──────── Material for this task ────────

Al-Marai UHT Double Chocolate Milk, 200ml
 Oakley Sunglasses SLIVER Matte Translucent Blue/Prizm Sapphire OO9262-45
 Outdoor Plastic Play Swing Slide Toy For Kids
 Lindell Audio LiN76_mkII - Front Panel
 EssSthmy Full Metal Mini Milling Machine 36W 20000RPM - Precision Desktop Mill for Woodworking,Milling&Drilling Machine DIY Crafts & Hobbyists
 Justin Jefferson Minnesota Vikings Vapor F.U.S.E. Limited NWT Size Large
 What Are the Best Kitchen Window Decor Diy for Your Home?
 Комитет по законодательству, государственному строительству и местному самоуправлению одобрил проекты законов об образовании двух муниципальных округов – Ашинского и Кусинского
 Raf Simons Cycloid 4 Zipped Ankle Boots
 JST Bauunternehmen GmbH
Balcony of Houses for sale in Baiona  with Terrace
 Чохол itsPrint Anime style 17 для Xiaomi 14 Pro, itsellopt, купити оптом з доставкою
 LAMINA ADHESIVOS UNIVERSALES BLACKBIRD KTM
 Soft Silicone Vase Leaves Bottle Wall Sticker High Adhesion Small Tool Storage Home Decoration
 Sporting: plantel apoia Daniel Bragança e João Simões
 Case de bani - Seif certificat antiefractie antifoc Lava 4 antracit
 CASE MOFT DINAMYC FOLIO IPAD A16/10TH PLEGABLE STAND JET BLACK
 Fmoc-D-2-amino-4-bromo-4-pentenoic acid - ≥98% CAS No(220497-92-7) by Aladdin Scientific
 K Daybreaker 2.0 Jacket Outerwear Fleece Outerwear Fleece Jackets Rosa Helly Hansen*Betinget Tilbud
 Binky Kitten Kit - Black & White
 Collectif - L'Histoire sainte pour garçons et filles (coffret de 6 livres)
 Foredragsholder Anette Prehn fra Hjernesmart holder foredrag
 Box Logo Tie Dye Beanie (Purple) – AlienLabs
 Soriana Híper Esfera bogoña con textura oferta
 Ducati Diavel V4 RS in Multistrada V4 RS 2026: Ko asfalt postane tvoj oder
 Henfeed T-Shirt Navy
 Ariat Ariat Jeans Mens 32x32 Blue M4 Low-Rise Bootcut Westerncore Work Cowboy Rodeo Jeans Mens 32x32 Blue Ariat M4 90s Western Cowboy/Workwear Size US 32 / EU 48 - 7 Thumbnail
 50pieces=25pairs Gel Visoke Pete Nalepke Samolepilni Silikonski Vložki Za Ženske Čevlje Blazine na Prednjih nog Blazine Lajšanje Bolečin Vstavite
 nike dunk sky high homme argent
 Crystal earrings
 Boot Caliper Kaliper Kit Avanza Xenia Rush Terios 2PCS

────────

Task objective: For each line above that holds the string "Home", provide a copy of that line.

Written solution:
 What Are the Best Kitchen Window Decor Diy for Your Home?
 Soft Silicone Vase Leaves Bottle Wall Sticker High Adhesion Small Tool Storage Home Decoration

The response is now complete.